[sheepdog] [PATCH experimental 0/2] tests: add a fault injector based on DynamoRIO

Mon May 6 15:44:50 CEST 2013

At Mon, 15 Apr 2013 23:36:19 +0900,
Hitoshi Mitake wrote:
> 
> At Mon, 15 Apr 2013 16:41:12 +0800,
> Liu Yuan wrote:
> > 
> > On 04/15/2013 01:07 PM, Hitoshi Mitake wrote:
> > > Hitoshi Mitake (2):
> > >   stop using timerfd and signalfd
> > 
> > The price is to too high to use DR.
> 
> The limitation is not an essential thing. As I describe in the commit
> log, the first patch is a temporal stuff.
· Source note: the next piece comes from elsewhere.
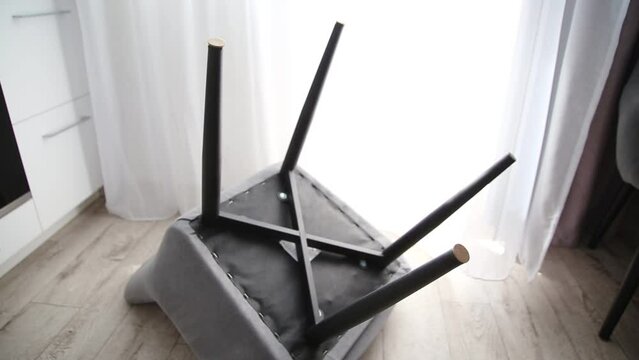 A man glues protective pads on the legs of a chair. Protection against floor scratches and noise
I believe we must not decide
> to avoid using DR with this reason.
> 
> > 
> > >   tests: add a DynamoRIO client for testing the jounaling mechanism
> > 
> > The purpose of this patch set is really helpful to find more subtle and
> > hard-to-emulate bugs. It is better to rework DR for our needs but DR is
> > such a big project and hard to tweak.
> > 
> > Is it possible to roll our own instrumentation infrastructure that is
> > better integrated into SD? If we can use collie to control the
> > instrumentation on the functions used by Sheeodog instead of library
> > symbols. I think current tracer would be a play ground for it. (I'll
> > reworks it to work with current master soon later).
> > 
> > The current tracer infrastructure is already capable to catch every call
> > sites on the granularity of function call, so maybe we can future the
> > work to get more instrumentation features.
> > 
> > What do you think?
> 
> As you say, the tracer will be a good infrastructure for better
> testing, too. But I think that DR is the most suitable infrastructure
> for our current situation. Because we have some urgent requirements
> (especially from internal users of our company) related to stability
> of sheep. So utilizing existing technologies is important.
> 
> I have to stress that mocking some parts of DR would be very
> difficult. Simple function call tracing is far different from DR. The
> most important technical achievement of DR is its transparency (from
> my perspective). We can write DR clients easily because DR provides
> many transparency aware APIs (e.g. __wrap_malloc()). If we write our
> own instrumentation infrastructure, we have to prepare our own
> transparency aware APIs. It will be a time consuming task. Even if we
> choose the simplest and adhoc way, we have to prepare some of
> notrace-ed APIs of libsheepdog.a and it will result code
> duplication. We can learn the difficulty of implementing transparency
> aware APIs from the paper [1].
> 
> So I think that we should use DR for the fault injector. Even if we
> implment our own instrumentation infrastructure, the development
> should be done in parallel.
> 
> In addition, I believe merging the patchset to a dedicated branch will
> be useful. Because new failure scenarios can be implemented easily as
> patches for the branch. e.g. I'm planning to implement a new scenario
> which emulates a crash of machine during writing a journal record.
> 
> [1] http://www.burningcutlery.com/derek/docs/transparency-VEE12.pdf

ping?

Thanks,
Hitoshi